If you have seen a few buddy cop comedies, there’s little you will hate about The Hitman’s Bodyguard, as director Patrick Hughes employs every genre cliché in the book to keep things afloat. The guffaw-inducingly contrasting personalities of the two leads, the fact that they hate each other even though they secretly love each other, the unlikely team-up to defeat a cartoon-ish villain, over-the-top action scenes in exotic locations, and also a throwback to earlier comedies – particularly the 48 Hours series. One could argue that there’s nothing new to see here, but sometimes clichés executed in a fun enough way are still enjoyable to sit through.
A lot of the film depends on the back and forth between Reynolds and Jackson – and the two have a total blast on screen. Jackson seems to be cast purely to hurl his favourite expletive constantly, and Reynolds is at his sardonic best. It feels like watching cinematic comfort food every time these two clash against each other and team up to hilariously evade certain death. The dialogue, no doubt heavily improvised by the two, which can only be described as b*kch*di is an endless stream of easy chuckles.
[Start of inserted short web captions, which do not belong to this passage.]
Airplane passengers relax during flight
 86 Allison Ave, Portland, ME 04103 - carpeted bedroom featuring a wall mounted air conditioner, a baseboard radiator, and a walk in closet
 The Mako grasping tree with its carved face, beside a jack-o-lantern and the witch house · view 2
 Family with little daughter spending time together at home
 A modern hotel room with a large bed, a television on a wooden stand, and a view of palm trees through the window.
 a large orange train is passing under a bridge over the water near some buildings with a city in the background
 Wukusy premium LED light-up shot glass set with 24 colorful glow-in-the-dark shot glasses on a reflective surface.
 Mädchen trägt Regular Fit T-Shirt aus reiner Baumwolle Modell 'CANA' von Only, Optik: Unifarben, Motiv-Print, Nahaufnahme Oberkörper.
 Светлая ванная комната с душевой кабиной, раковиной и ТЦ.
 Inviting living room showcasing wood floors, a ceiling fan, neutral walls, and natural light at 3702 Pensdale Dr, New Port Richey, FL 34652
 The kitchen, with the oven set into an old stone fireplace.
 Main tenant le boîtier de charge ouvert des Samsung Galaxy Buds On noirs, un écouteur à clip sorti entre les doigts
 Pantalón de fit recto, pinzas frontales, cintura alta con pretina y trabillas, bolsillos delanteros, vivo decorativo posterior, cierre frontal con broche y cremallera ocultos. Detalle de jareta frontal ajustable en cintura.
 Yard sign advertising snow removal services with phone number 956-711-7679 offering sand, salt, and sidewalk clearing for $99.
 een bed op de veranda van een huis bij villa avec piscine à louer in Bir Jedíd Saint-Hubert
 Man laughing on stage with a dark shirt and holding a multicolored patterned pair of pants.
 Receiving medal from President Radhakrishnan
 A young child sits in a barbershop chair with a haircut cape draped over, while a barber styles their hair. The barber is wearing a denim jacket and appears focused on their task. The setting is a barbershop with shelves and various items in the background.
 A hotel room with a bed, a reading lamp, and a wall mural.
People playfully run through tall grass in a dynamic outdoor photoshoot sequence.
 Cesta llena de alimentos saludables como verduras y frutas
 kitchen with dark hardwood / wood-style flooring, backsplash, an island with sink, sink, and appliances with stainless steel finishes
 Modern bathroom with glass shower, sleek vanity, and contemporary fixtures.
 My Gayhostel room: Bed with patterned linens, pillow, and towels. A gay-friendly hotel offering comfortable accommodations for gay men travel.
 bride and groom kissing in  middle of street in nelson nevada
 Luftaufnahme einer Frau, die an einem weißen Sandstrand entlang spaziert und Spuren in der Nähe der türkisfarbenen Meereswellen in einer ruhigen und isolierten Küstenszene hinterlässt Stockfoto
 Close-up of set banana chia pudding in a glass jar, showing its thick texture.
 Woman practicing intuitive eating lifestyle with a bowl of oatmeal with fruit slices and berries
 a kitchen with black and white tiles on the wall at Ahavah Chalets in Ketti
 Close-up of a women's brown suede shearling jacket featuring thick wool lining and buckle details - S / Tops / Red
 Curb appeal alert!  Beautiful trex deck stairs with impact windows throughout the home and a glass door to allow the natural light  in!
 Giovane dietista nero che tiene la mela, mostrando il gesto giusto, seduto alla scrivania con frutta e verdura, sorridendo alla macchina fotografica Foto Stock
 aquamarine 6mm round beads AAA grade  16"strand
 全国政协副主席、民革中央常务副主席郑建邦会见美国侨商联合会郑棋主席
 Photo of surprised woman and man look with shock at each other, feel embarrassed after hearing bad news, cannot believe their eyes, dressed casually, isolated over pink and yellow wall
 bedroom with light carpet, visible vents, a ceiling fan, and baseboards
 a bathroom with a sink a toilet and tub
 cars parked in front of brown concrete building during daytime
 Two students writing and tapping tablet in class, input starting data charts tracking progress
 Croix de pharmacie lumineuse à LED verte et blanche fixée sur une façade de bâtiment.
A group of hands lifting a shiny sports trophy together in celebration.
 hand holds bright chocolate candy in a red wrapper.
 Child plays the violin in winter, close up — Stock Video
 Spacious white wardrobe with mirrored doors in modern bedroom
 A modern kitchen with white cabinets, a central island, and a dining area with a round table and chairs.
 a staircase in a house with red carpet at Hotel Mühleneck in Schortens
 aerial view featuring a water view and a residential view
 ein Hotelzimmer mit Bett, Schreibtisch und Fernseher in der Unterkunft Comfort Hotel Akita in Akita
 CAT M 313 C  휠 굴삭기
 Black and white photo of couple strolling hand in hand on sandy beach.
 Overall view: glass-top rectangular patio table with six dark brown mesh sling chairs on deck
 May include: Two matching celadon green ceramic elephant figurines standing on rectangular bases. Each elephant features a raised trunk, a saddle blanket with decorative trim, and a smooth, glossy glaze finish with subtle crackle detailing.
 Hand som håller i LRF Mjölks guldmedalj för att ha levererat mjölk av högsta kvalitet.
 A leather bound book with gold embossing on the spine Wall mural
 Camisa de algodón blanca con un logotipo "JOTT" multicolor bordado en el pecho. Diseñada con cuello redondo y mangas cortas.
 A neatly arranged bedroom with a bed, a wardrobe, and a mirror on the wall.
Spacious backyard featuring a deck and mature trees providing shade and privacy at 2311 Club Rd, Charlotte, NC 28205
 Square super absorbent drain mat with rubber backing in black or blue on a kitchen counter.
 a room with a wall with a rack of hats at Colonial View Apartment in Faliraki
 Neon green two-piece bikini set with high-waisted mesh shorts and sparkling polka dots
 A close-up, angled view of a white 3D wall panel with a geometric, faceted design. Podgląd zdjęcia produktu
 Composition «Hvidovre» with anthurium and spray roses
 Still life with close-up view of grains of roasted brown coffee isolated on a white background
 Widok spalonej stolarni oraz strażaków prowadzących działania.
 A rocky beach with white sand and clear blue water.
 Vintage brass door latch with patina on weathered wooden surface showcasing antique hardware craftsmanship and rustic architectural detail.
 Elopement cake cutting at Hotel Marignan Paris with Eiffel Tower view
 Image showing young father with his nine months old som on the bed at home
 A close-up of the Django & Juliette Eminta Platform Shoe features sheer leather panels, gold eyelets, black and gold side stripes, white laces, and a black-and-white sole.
On the downside Gary Oldman who plays the villain is cringe-inducing, putting absolutely no effort in the film except for reaching out for the paycheck. Salma Hayek, who plays Darius’ wife gets a few fun moments but is ultimately inconsequential and also unnecessary. Too many cars explode in the film for no solid or even comedic reason, and the finale does not live up to the buildup. The dynamics between the mismatched couple is fun until they try to kill each other, but becomes predictable when they realize they need to bond for a higher purpose.
It goes to show that the leads were put in a plot that was not ideal. If the film only had Reynolds and Jackson talking to each other, without the bells and whistles of action and contrived conflict, it could have been even more entertaining. The idea of lampooning The Bodyguard and Whitney Houston’s song is undeniably funny but a better director – like duo of Phil Lord and Chris Miller – could have taken the idea and turned it into a more memorable film.